Taipingfang was restored in 2018 and is the place native and visiting Muslims go to hope. It is in a busy a part of the neighbourhood, squeezed in a tiny alley, surrounded by small eating places and resorts, canteens, meals stalls and butchers catering to Uighur and Hui Muslims. The butchers of Taipingfang – like these in Beijing’s Niujie space the place nearly all of town’s Muslim minority lives – are popularly thought to promote the most effective meat.
Earlier than 1949, Suzhou had at the least ten mosques of varied sizes and social significance. A lot of them had been huge buildings with valuable furnishings and complex decorations, whereas others had been smaller intimate prayer rooms. Certainly one of them was a ladies’s mosque presided over by a feminine imam.
The ladies’s mosque, Baolinqian, was one in all a cluster of 4 mosques was constructed through the Qing Dynasty, all related to the rich Yang household inside town partitions within the north-western a part of town. In-built 1923, it was established by initiative of three married ladies from the Yang household who donated the constructing and raised funding from different Muslim households to show it right into a ladies’s mosque. Through the Cultural Revolution (1966 to 1976), the mosque’s library, containing holy scriptures, was broken and the constructing was changed into personal homes. Nothing stays at present to indicate it was a mosque.
One other Yang household mosque, Tiejunong, was constructed over three years through the reign of the Qing emperor Guagxu, from 1879 to 1881. It was the most important in Suzhou with an space of greater than 3,000 sq. metres, that includes seven courtyards. The principle corridor for Friday prayers had ten rooms and will maintain greater than 300 individuals. The courtyard included a minaret and a pavilion during which was housed an imperial stele.
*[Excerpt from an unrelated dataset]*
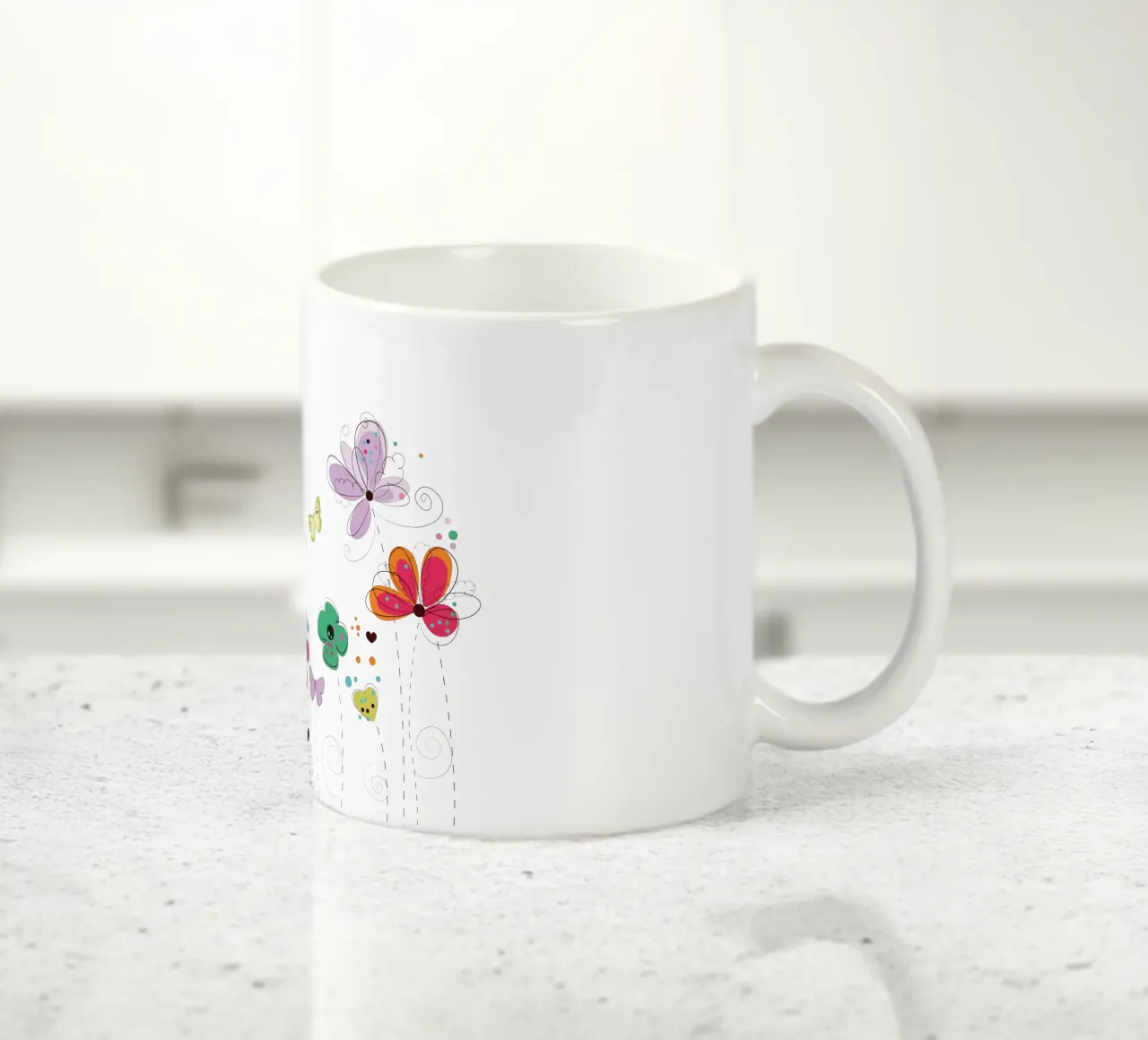 Primavera, fiori colorati a scarabocchio tazza in ceramica da gulsengunel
Now a center faculty, Tiejunong is recognisable from the exterior structure and an historic wood engraved aspect door. Past a monumental entrance, there’s nonetheless the thought of the primary courtyard surrounded by bushes. Now there’s a enormous soccer subject, and the bushes on the perimeters of the walkway are nonetheless seen from their chopped trunks. The ablution space coated by blue tiles clearly reveals the previous presence of a mosque.
Tiankuqian Mosque was in-built 1906 and is now inhabited by poor metropolis residents – most certainly on account of the follow through the Cultural Revolution of reallocating giant, aristocratic or non secular buildings as residing lodging for indigent households. The mosque used to cowl an space of just about 2,000 sq. metres, with a foremost corridor, a visitor corridor and ablution room.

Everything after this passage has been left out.